To confirm an interaction where increased levels of selenium in the blood mitigate accelerated aging from elevated blood levels of cadmium, Huang and colleagues ran a joint analysis that compares study participants with varying blood levels of cadmium and selenium. As expected, they found that high levels of cadmium in the blood and low levels of selenium were associated with accelerated biological aging. However, in participants with elevated cadmium and selenium levels, no significant associations with accelerated aging were found. These associations suggest that elevated blood cadmium and low blood selenium lead to accelerated biological aging, but that elevated selenium, in addition to elevated cadmium, mitigates accelerated biological aging.

Because cadmium exposure has been associated with systemic inflammation, and since selenium may counteract this effect, Huang and colleagues ran statistical analyses to find how cadmium and selenium levels associate with markers of inflammation. The research group found that two markers of inflammatory processes—the lymphocyte-to-monocyte ratio and platelet-to-lymphocyte ratio—were associated with mediating the effects on biological aging of blood cadmium and selenium levels. Lymphocytes and monocytes are two types of white blood cells, and a low lymphocyte-to-monocyte ratio suggests a higher degree of systemic inflammation. Platelets are cell fragments in the blood that form clots to prevent bleeding, and a high platelet-to-lymphocyte ratio suggests that the body is undergoing an inflammatory response.

Along these lines, Huang and colleagues utilized mediation analyses to investigate the mechanism by which blood levels of cadmium and selenium influence biological age. These analyses suggested that lymphocyte-to-monocyte ratios and platelet-to-lymphocyte ratios mediate cadmium’s and selenium’s influence on biological age.
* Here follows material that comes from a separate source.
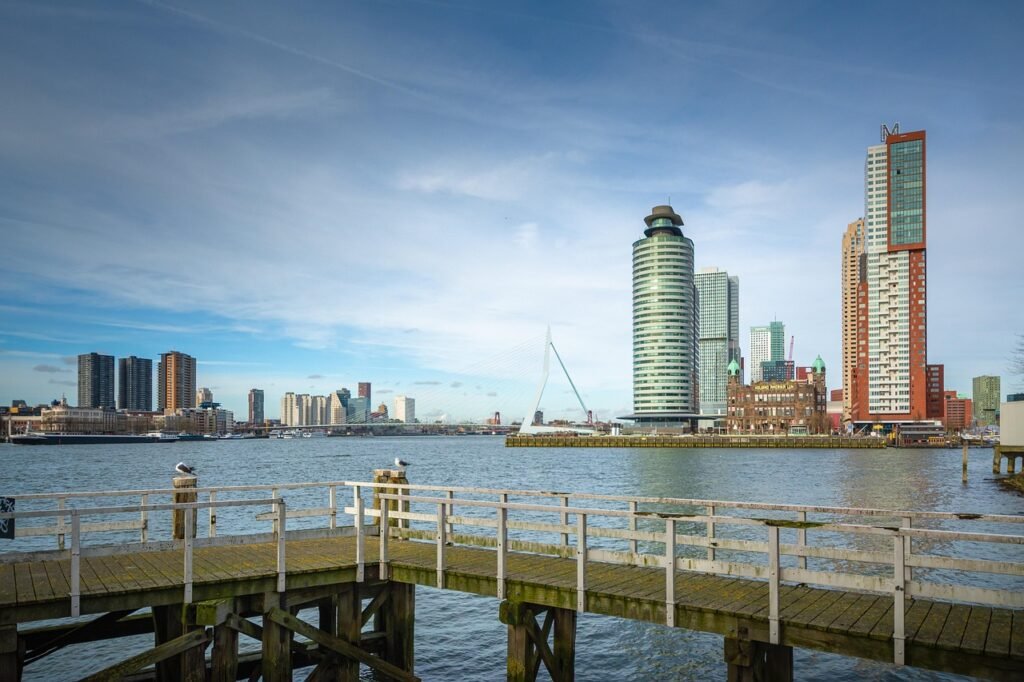 rotterdam, nederland, skyline, natuur, stadsgezicht, zee, oceaan, stad, mijlpaal, wolkenkrabbers, gebouwen, architectuur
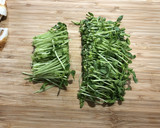 安くて簡単！竹輪と豆苗のとろみ炒め作り方3写真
In that sense, these findings suggest that cadmium increases inflammation to trigger accelerated biological aging and that selenium lowers inflammation.

(Elevated blood levels of cadmium are associated with biological age acceleration mediated by inflammation, and elevated levels of selenium are associated with counteracting this effect. | NMN.com)

Selenium Supplementation May Be Especially Important for Smokers

As suggested by the study, environmental cadmium exposure may increase systemic inflammation and accelerate aging, and increasing selenium in the blood, such as through supplementation, could counteract this effect. With a substantial percentage of people in the US exposed to the toxic metal cadmium through dietary sources, industrial processes, and cigarette smoke, getting a test for blood cadmium levels may be worthwhile.

If someone gets tested and has high blood levels of cadmium or believes they receive substantial cadmium exposure, selenium supplementation to counteract cadmium exposure is relatively affordable, costing anywhere between $5 to $20 for a month’s supply. Taking selenium supplements, as Huang and colleagues’ study suggests, may counteract the possible age-accelerating effects of elevated blood cadmium levels. This may be especially important for cigarette smokers, as cigarette smoking is associated with elevated blood cadmium levels.